• [DATA PROVIDED]
--- --- ---

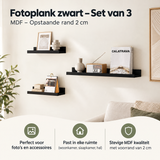 Praktische toepassing en keuzehulp voor fotoplank zwart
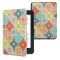 Husa kwmobile pentru Amazon Kindle Paperwhite 7, Piele ecologica, Multicolor, 45569.59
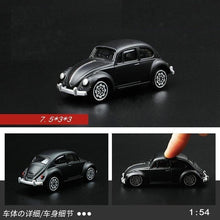 Load image into Gallery viewer, CCA 1:64 Black 1967 Beetle Classic Sports Model Toy Diecast Metal Car BN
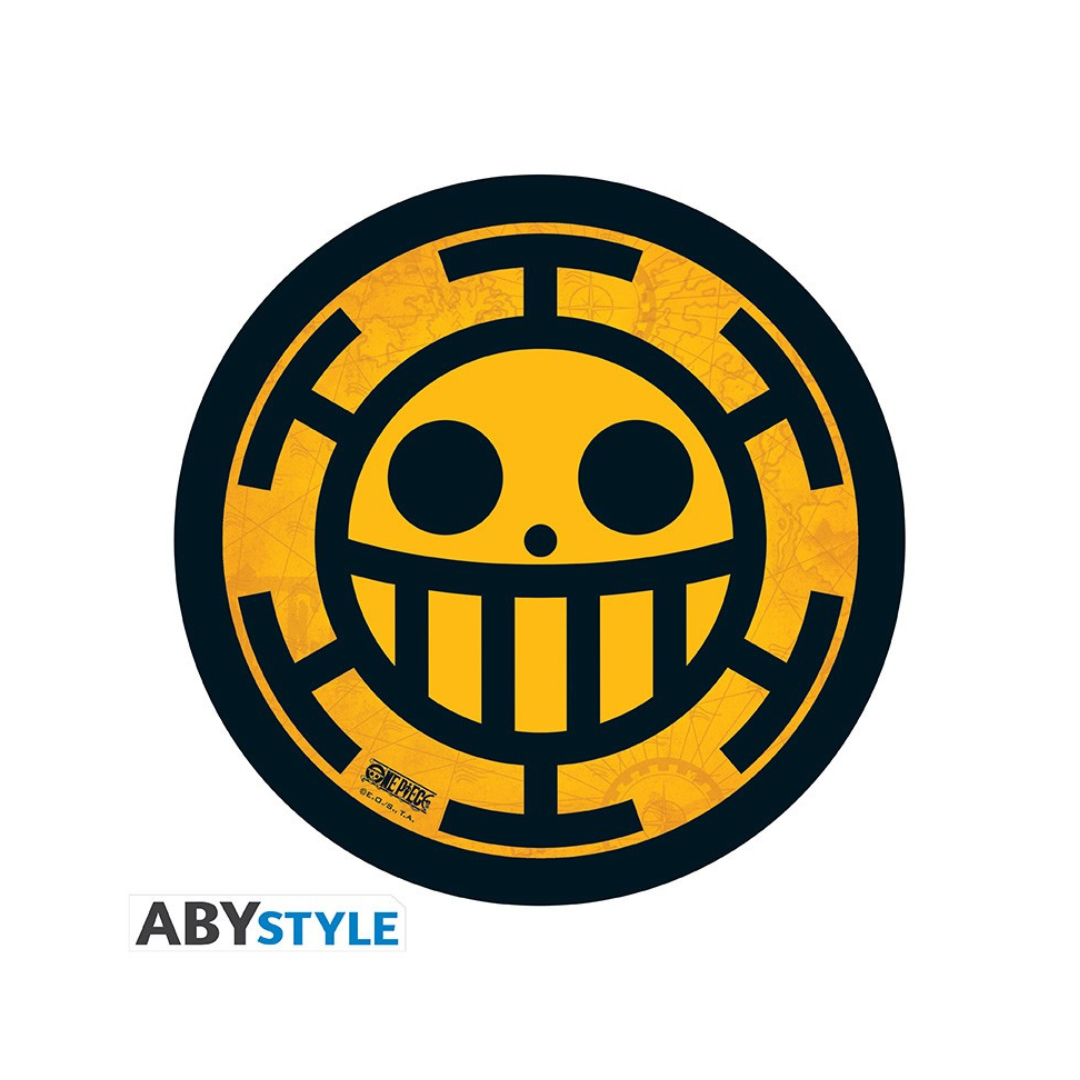 ONE PIECE Flexible Mousepad Skull Law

--- --- ---

• [DESCRIPTION OF THE TASK] Please retype the data exactly. The pictures do not go in.

• [RESPONSE TO THIS TASK]
 Praktische toepassing en keuzehulp voor fotoplank zwart
 Husa kwmobile pentru Amazon Kindle Paperwhite 7, Piele ecologica, Multicolor, 45569.59
 Load image into Gallery viewer, CCA 1:64 Black 1967 Beetle Classic Sports Model Toy Diecast Metal Car BN
 ONE PIECE Flexible Mousepad Skull Law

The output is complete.